This issue has drawn bipartisan attention,[4] and Congress recently tasked DOE with establishing a competitive purchasing pilot program for CDR as part of the FY2023 appropriations omnibus. Policymakers should coordinate with DOE on standing up the pilot procurement program and should pass authorizing legislation such as the CREST Act, led by Sens. Susan Collins (R-ME) and Maria Cantwell (D-WA), to provide DOE with guidance and clarity on how to prioritize project selection and carrying out due diligence. Furthermore, Congress should pass appropriation funding to support this effort.

     6) Extend the 45Q tax credit and ensure robust implementation

The IRA made essential enhancements to the 45Q tax credit, including:

• Increasing the value of the credit from $50 to $180 per ton captured by DAC and geologically stored.

• Decreasing the eligibility threshold for DAC facilities from 100,000 to 1,000 tons per year (the world’s largest DAC facility is currently 4,000 tons/year).

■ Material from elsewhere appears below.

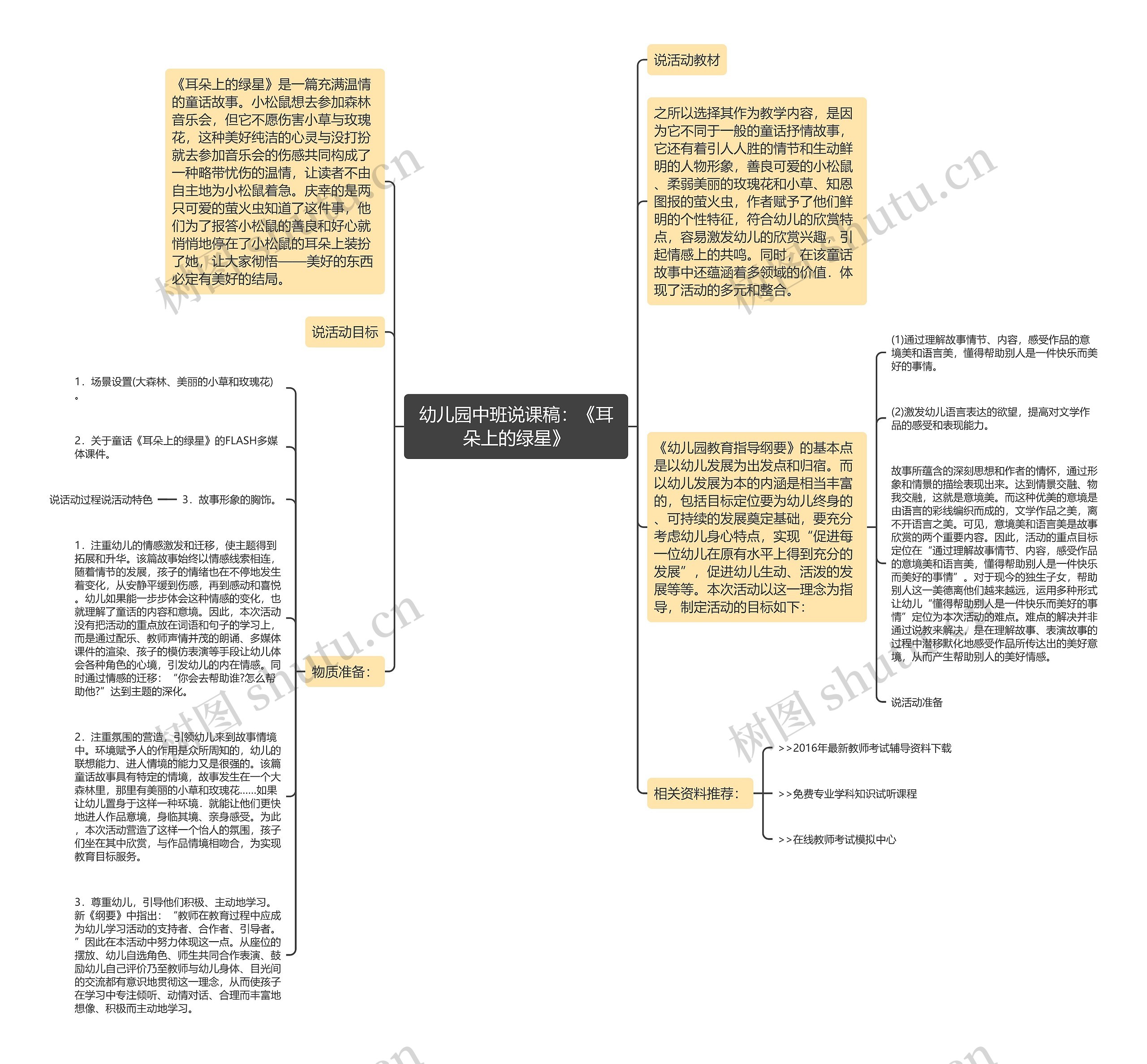 幼儿园中班说课稿：《耳朵上的绿星》思维导图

• Enabling direct payments[5] to be made to project developers in the first five years of the credit.

Increased revenue streams for operating DAC and other carbon management infrastructure have already spurred significant investments that are helping to lower risk and drive down the long-term costs for DAC. Maintaining all of the IRA improvements to 45Q is a baseline requirement for the long-term success of DAC deployment, and the Department of the Treasury and IRS should ensure swift and effective implementation of the recent credit changes.

Policymakers should also consider further improvements to the tax credit that can support DAC deployment, including: extending the window of direct pay beyond five years, indexing the credit value to inflation, and extending the credit past 12 years to cover long-term operational expenses.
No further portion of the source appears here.